“Mains peintes et menton brûlé” : la parure tatouée des femmes thraces
Résumé
Le mythe raconte que, pour avoir négligé le culte d'Aphrodite, les hommes de Lemnos tombèrent sous les coups de leurs épouses 1. La déesse attisa leur colère en les persuadant qu'elles seraient délaissées au profit de captives ramenées de Thrace. Dans la version donnée au premier siècle de notre ère par Valerius Flaccus, les Lemniens n'ont pas encore accosté avec leur butin que Fama, à l'instigation d'Aphrodite, répand déjà l'inquiétante rumeur. Elle décrit la femme thrace comme une dangereuse rivale au charme vénéneux : « une fille (à la peau) zébrée » (uirgata ... nurus), « endurcie par le lait des bêtes sauvages et par le gel » (lacte ferino ... durata gelu) qu'on a « enlevée à son chariot » (plaustro derepta).
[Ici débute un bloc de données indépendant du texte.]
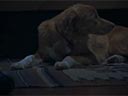 Labs suns filma - Bilde 4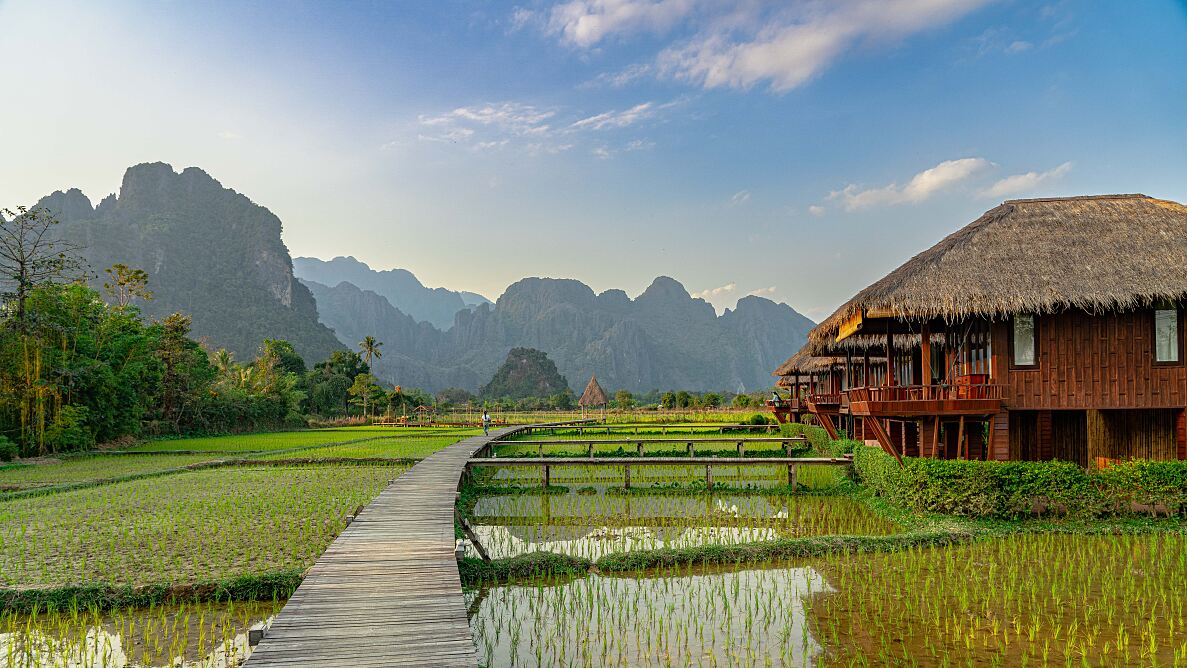 TUI Futureshapers Laos - green scenery
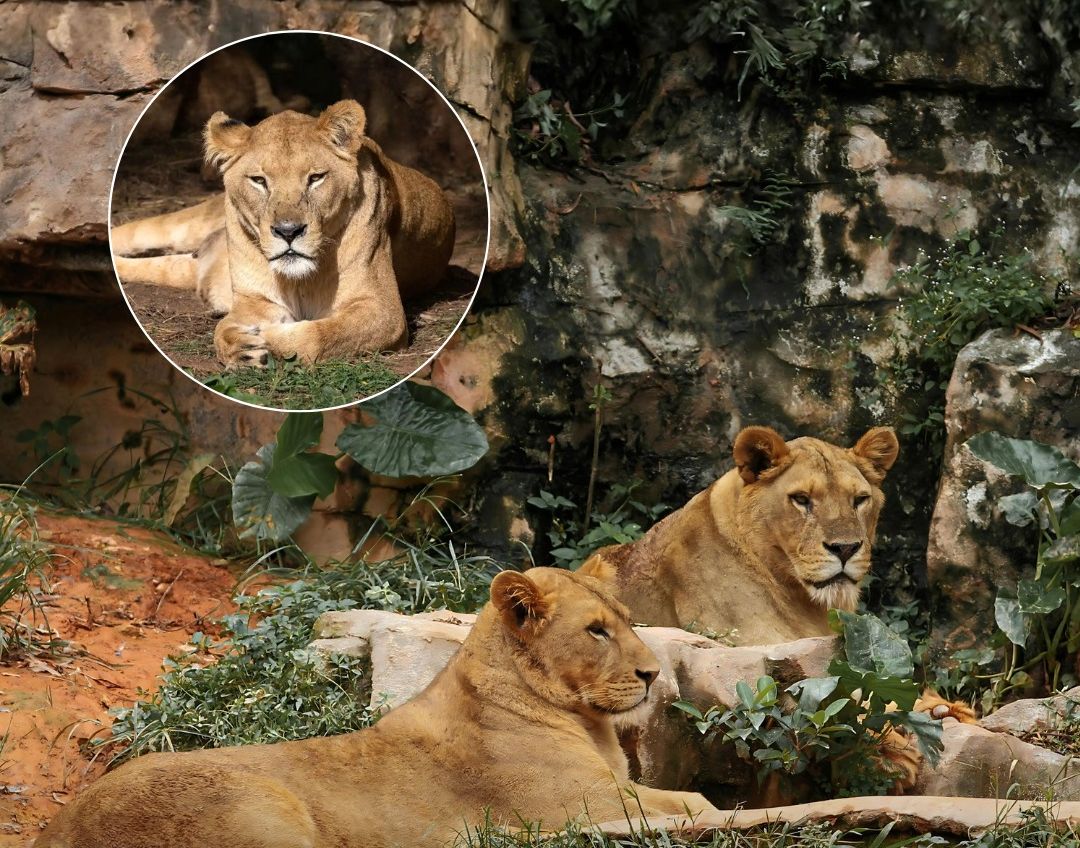 Animalele vor fi „amintite cu drag” de angajați și vizitatori. foto: Facebook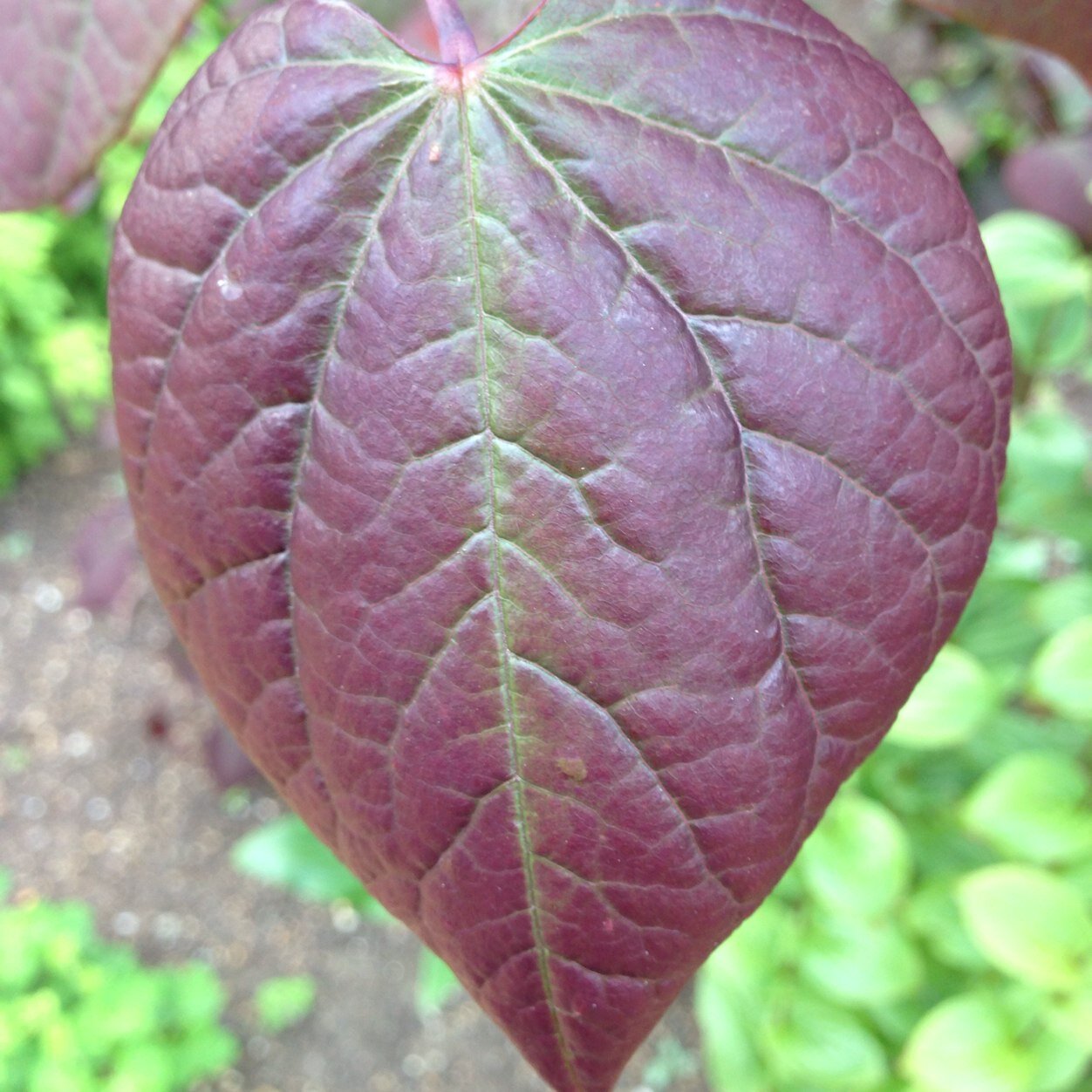 harpysiren's profile picture.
Cette rivale n'a certes pas les qualités de la matrone de Lemnos-bel aspect, adresse à la quenouille, honneur intact, illustre ascendance-« mais elle plaît, cette barbare aux mains peintes et au menton brûlé » (picta manus ustoque placet sed barbara mento) 2. Parce qu'il situe son action dans un lointain passé mythique, et que les femmes thraces doivent apparaître aussi farouches que possible, Valerius Flaccus attribue à ces dernières un mode de vie qu'on disait être celui des Scythes nomades et de certains Thraces de la haute époque comme les Mysiens 3. À l'époque gréco-romaine, la plupart des Thraces étaient pourtant sédentaires. S'agissant du tatouage, Valerius Flaccus parvient à davantage de réalisme, même s'il travaille très probablement de seconde main : une peau zébrée, des mains et un menton tatoués, il n'y a là rien qui contredise les informations apportées par d'autres sources plus anciennes et mieux renseignées qu'on se propose de réunir et d'examiner ici.